(Dataset entries)

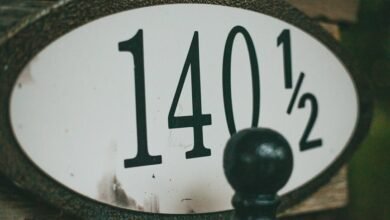 phone numbers and garbled cyrillic text present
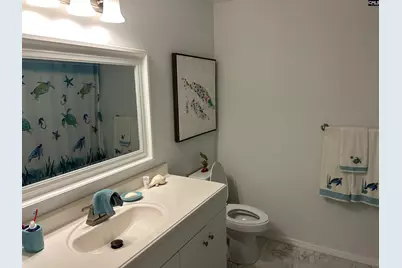 2533 B Watson Street, Elgin, SC 29045 - Photo 19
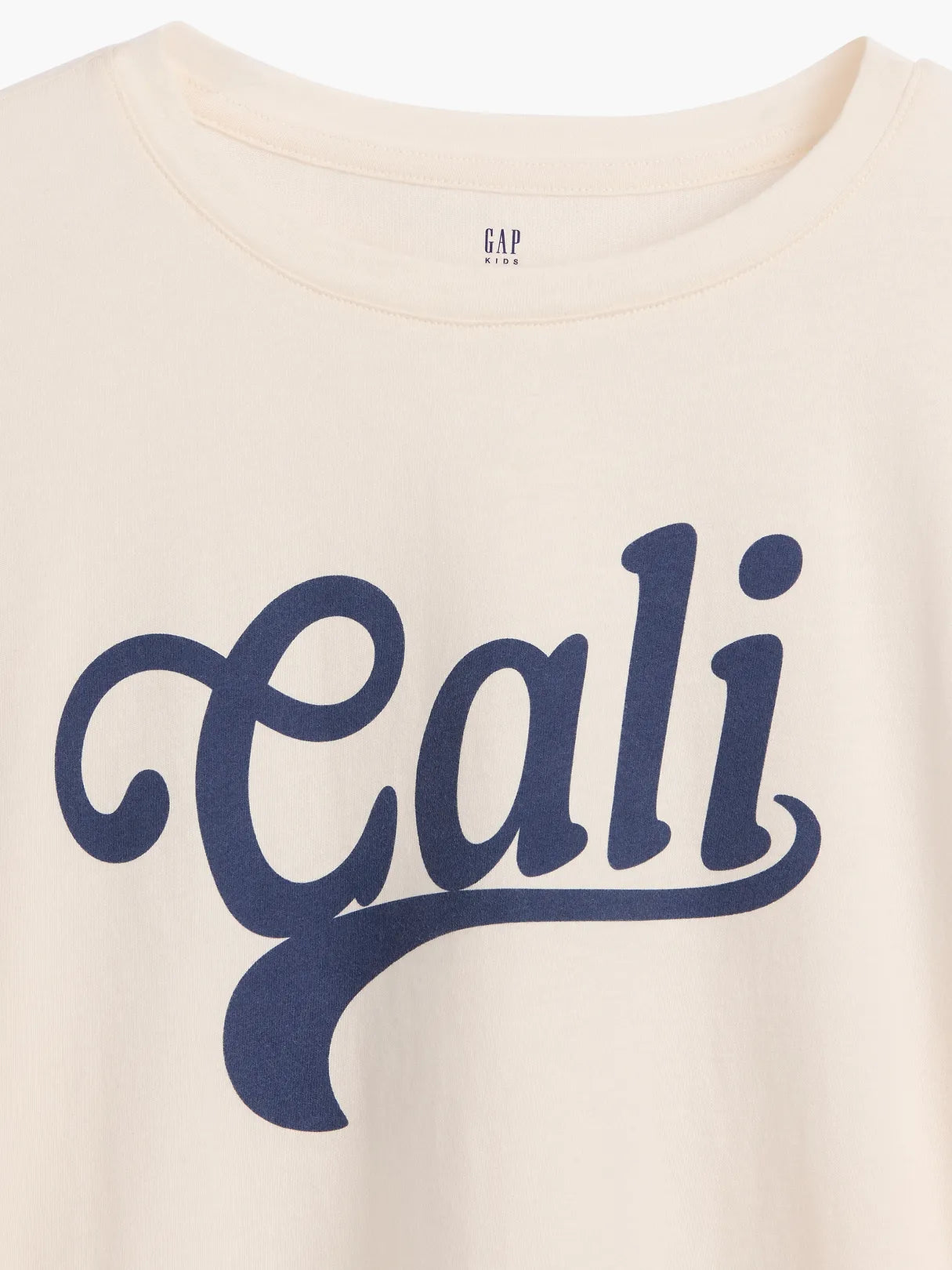 XL (12)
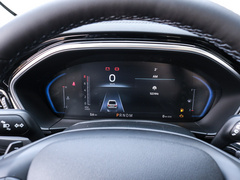 2021款 EcoBoost 180 自动劲潮型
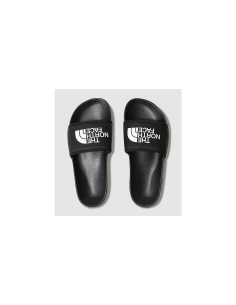 M BASE CAMP SLIDE III TNF... 2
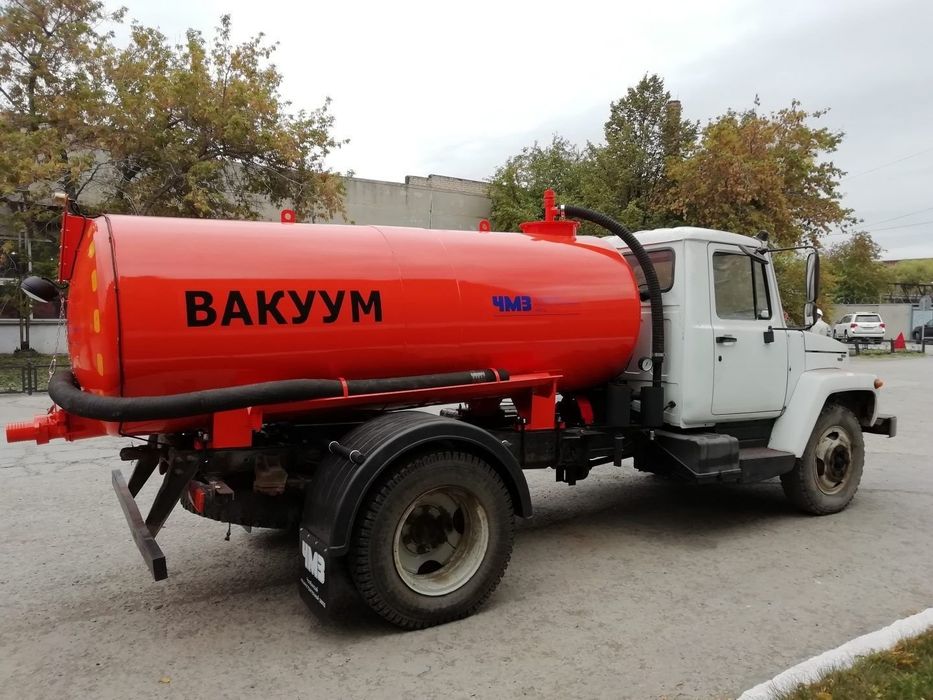 Услуги Асенезатора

*Work request*. Are you able to set down all the lines above exactly, without any pictures?

*Exercise solution*.
 phone numbers and garbled cyrillic text present
 2533 B Watson Street, Elgin, SC 29045 - Photo 19
 XL (12)
 2021款 EcoBoost 180 自动劲潮型
 M BASE CAMP SLIDE III TNF... 2
 Услуги Асенезатора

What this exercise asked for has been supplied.